#### [Description of the task]
Would you please copy all of the data exactly, skipping the images?

#### [Data]
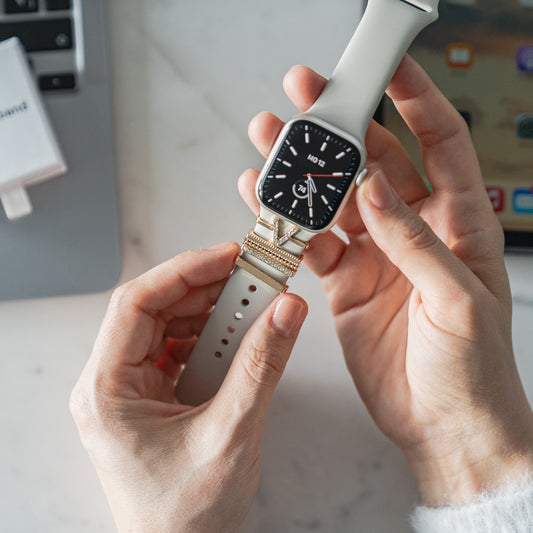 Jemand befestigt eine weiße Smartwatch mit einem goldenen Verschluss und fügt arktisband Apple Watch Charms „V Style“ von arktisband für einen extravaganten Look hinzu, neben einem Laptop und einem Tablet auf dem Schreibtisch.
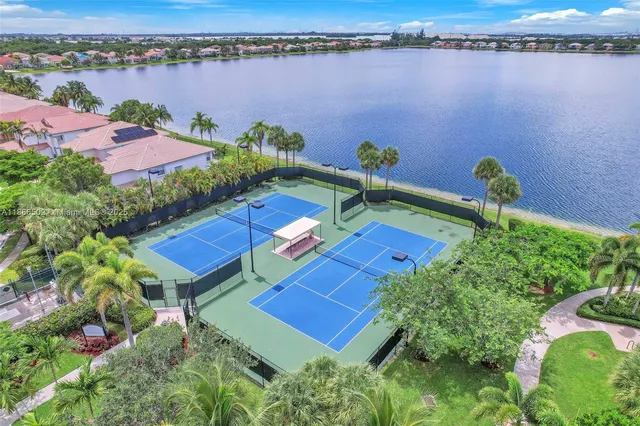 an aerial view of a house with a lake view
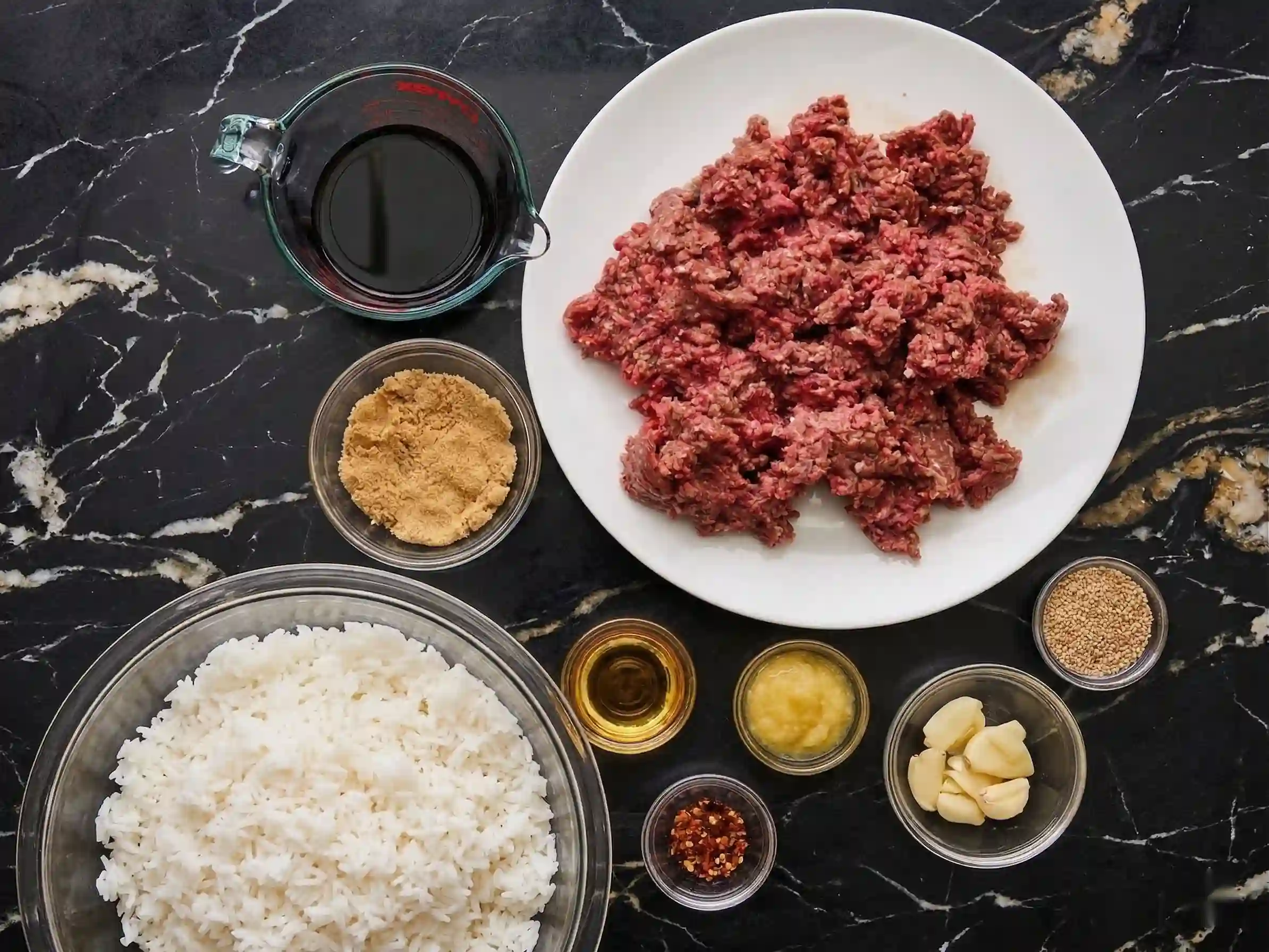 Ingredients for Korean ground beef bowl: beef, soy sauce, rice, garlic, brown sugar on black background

#### [Task response]
 Jemand befestigt eine weiße Smartwatch mit einem goldenen Verschluss und fügt arktisband Apple Watch Charms „V Style“ von arktisband für einen extravaganten Look hinzu, neben einem Laptop und einem Tablet auf dem Schreibtisch.
 an aerial view of a house with a lake view
 Ingredients for Korean ground beef bowl: beef, soy sauce, rice, garlic, brown sugar on black background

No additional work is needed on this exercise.